We have tested setup.sh with CUDA 11.7 and setup_cuda12.sh with CUDA 12.1.
We assume a standard Linux system with apt-get available. If not using Linux, you may need to adjust the script accordingly.
Our environment builds off of NerfStudio, which, among other things, allows interactive visualization. However, we do NOT support NerfStudio commands (e.g. ns-train and ns-render). Instead, please refer below for information on training and visualizing models.
Our environment assumes the use of Weight and Biases (wandb). If you do not wish to use wandb, please set the flag WANDB_MODE=offline before running code.

Data

Trying out Your Own Videos!

For a video of interest, please refer to the Preprocess Section for instructions on converting the video into a formatted data directory. After following these steps, you will have a data directory at data/real-world/your-video-name, which is ready for Dynamic Gaussian Marbles!

Downloading Data

We provide processed datasets that are ready-to-use in the form of zip files.

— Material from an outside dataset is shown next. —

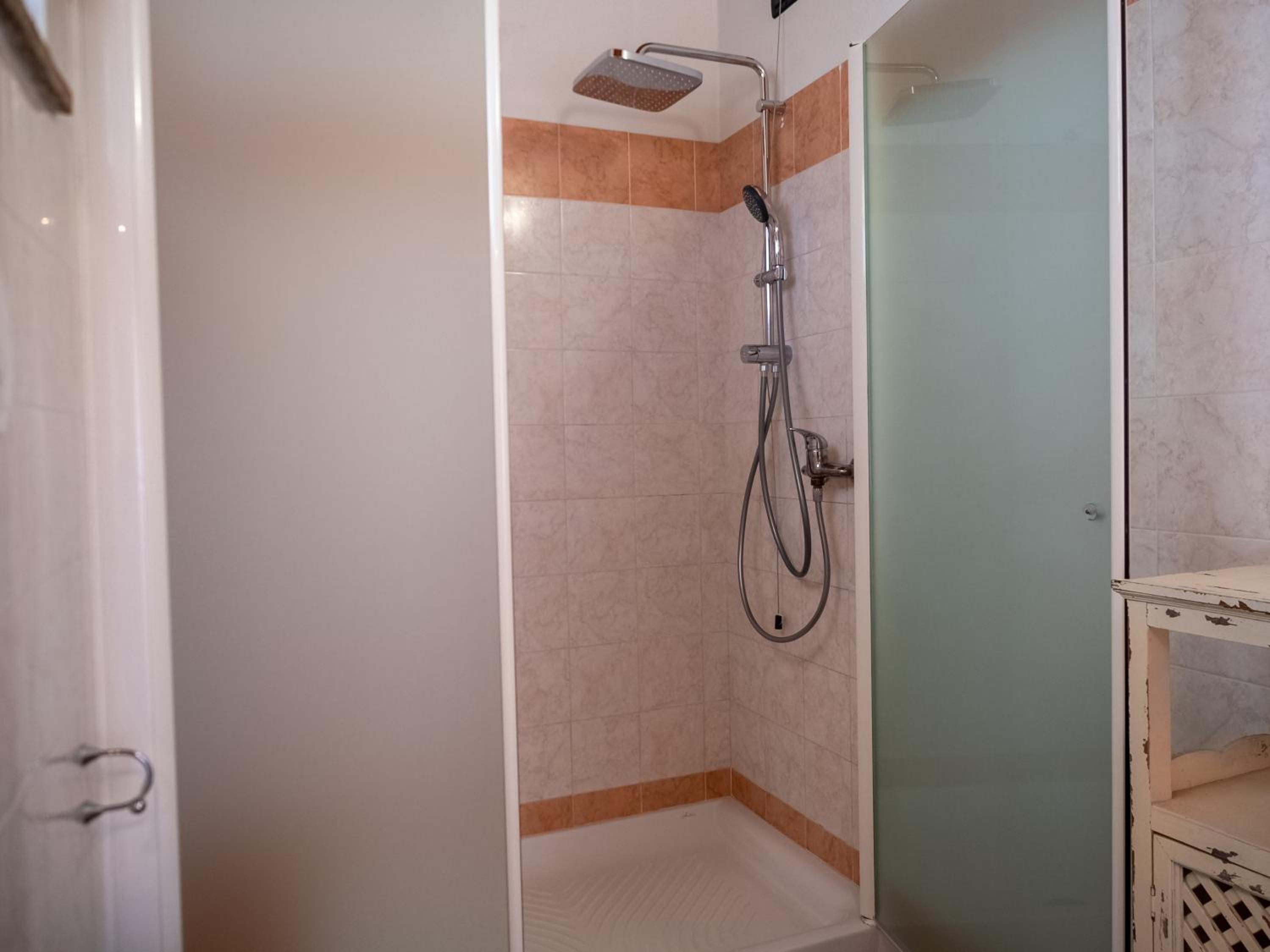 Deluxe Room (2 Adults + 1 Child) photo 3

Dataset	Google Drive URL	PSNR / LPIPs
DyCheck IPhone (with pose)	here	16.72 / 0.418
DyCheck IPhone (no pose)	here	15.79 / 0.428
Monocular Nvidia	here	22.32 / 0.129
Total-Recon	Coming soon!	-- / 0.376
Davis	Coming soon!	NA / NA
YouTube-VOS	here	NA / NA
Real World	Coming soon!	NA / NA

Download each dataset and place the unzipped folder in the data/ directory. For instance, the Nvidia Dynamic Scenes dataset would look like:

data
└── nvidia
    └── Balloon1/
    └── Balloon2/
    └── ...
    └── Umbrella/

Data Format

Each of our scenes generally follows the Nerfies directory format. However, there are a few meaningful additions, including depth, segmentation, and tracking. We illustrate our data directory structure below:

Minimal Data Directory Structure:

scene_datadir
├── camera
│   └── C_XXXXX.json
│   └── ...
├── rgb
│   └── 1x
│       ├── C_XXXXX.png
│       └── ...
├── depth
│   └── 1x
│       ├── C_XXXXX.npy
│       └── ...
├── segmentation
│   └── 1x
│       ├── C_XXXXX.npy
│       └── ...
├── tracks
│   └── 1x
│       ├── track_XXXXX.npy
│       └── ...
└── splits
│   ├── train.json
│   └── val.json
│── scene.json
└── dataset.json

Details on Each Subdirectories:

Details

C and XXXXX represent the camera ID and timestep ID respectively
camera: Contains JSON files for each camera's intrinsics and extrinsics.
rgb: Contains RGB images for each camera view and timestep.
depth: Stores metric depth maps as NumPy (.npy) files.
segmentation: Contains per-frame segmentation masks (.npy).
tracks: Stores sparse CoTracker trajectories (.npy) originating from this frame.
splits: Defines the training and validation splits (.json).
scene.json: A JSON file defining scene-specific parameters like center, scale, near, and far clipping planes.
dataset.json: A JSON file providing dataset-level information like the number of images and image names.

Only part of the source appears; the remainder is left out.